2. Mit der Vergabe eines sinnvollen Dateinamens ist nicht nur der Reduzierung des Aufwands für Gerichte bei der Führung einer elektronischen Akte gedient, sondern auch dem Rechtsanwalt, der Fehlerquellen bei der Übermittlung fristgebundener Schriftstücke auf elektronischem Wege möglichst zu eliminieren gesucht.
(Leitsätze des Gerichts)
I. Sachverhalt
Das AG hat den Betroffenen vom Vorwurf einer Verkehrsordnungswidrigkeit freigesprochen. Die Kosten des Verfahrens und die notwendigen Auslagen des Betroffenen hat das AG der Staatskasse auferlegt. Dem Kostenfestsetzungsantrag des Freigesprochenen hat die Rechtspflegerin des AG nur teilweise entsprochen. Die förmliche Zustellung des Kostenfestsetzungsbeschlusses an den Verteidiger ist am 27.7.2022 erfolgt.

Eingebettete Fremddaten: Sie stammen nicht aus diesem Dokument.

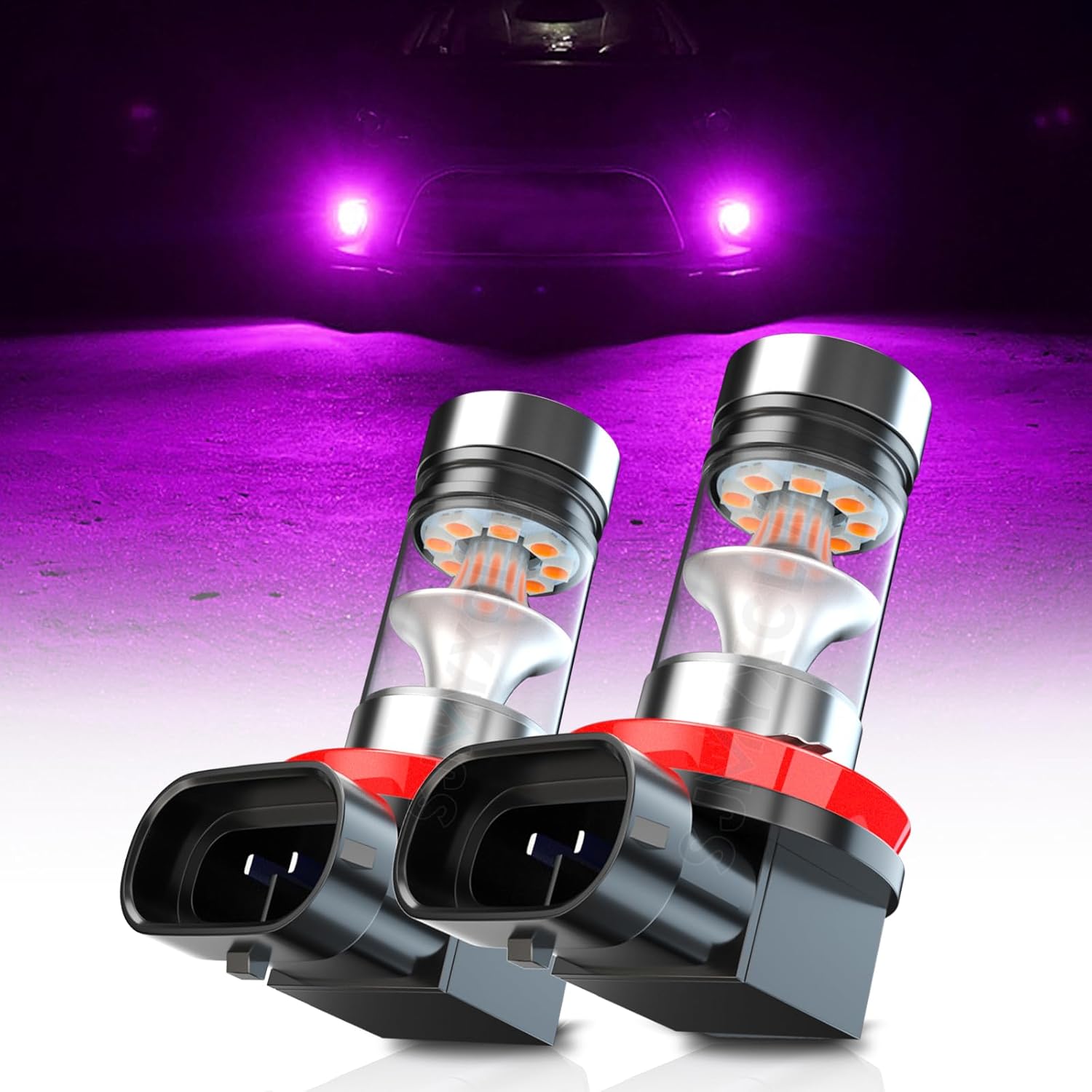 Compatible for Jeep Grand Cherokee Fog Light Bulbs 2014 2015 2016 2017 2018,H8 H9 H11 Fog Lights,Fog Lamps DRL Turn Signals Lights,Pink Purple Fog Lamp for Off Road,50000 Hours Lifespan,2 Packs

Mit am 2.12.2022 beim AG eingegangenem Schriftsatz hat der Verteidiger darum gebeten, dem Verfahren unter dem Betreff „Diesseitige sofortige Beschwerde“ Fortgang zu gewähren. Das AG hat den Verteidiger darauf hingewiesen, dass eine sofortige Beschwerde vom 27.7.2022 in der Akte nicht feststellbar sei, und entsprechend um Überprüfung bzw. weiteren Vortrag gebeten. Der Verteidiger hat darauf am 21.12.2022 als Anlage zu einem Schriftsatz „die diesseitige sofortige Beschwerde vom 27.7.2022“ sowie einen „beA-Sendenachweis („erfolgreich“) vom 28.7.2022“ übersandt. In dem anliegenden Schriftsatz vom 27.7.2022 hat der Verteidiger sofortige Beschwerde gegen den Kostenfestsetzungsbeschluss vom 25.5.2022 erhoben. Der Verteidiger hat eine Dokumentation zu einer Nachricht aus dem besonderen elektronischen Postfach (beA) vorgelegt. Nach dem vorgelegten beA-Sendenachweis soll bei dem AG unter dem Dateinamen „a-b-c-d.pdf“ aus dem besonderen elektronischen Anwaltspostfach (beA) des Verteidigers und unter dessen Nutzer-ID am 28.7.2022 „erfolgreich“ ein Schriftsatz übermittelt worden sein. Zugleich hat der Verteidiger vorsorglich die Wiedereinsetzung in den vorigen Stand beantragt.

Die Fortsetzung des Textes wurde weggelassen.